■ Required action:
Every entry must appear in the answer exactly as written.

• • •

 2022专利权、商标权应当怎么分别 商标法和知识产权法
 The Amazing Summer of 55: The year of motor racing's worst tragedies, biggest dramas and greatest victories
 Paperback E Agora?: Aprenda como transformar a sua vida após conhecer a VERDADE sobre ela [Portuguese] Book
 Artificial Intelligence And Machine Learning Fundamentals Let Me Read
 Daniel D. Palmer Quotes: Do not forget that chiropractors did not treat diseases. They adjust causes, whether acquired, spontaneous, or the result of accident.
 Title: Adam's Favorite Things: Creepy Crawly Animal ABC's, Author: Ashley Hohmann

• • •

■ Expected output:
 2022专利权、商标权应当怎么分别 商标法和知识产权法
 The Amazing Summer of 55: The year of motor racing's worst tragedies, biggest dramas and greatest victories
 Paperback E Agora?: Aprenda como transformar a sua vida após conhecer a VERDADE sobre ela [Portuguese] Book
 Artificial Intelligence And Machine Learning Fundamentals Let Me Read
 Daniel D. Palmer Quotes: Do not forget that chiropractors did not treat diseases. They adjust causes, whether acquired, spontaneous, or the result of accident.
 Title: Adam's Favorite Things: Creepy Crawly Animal ABC's, Author: Ashley Hohmann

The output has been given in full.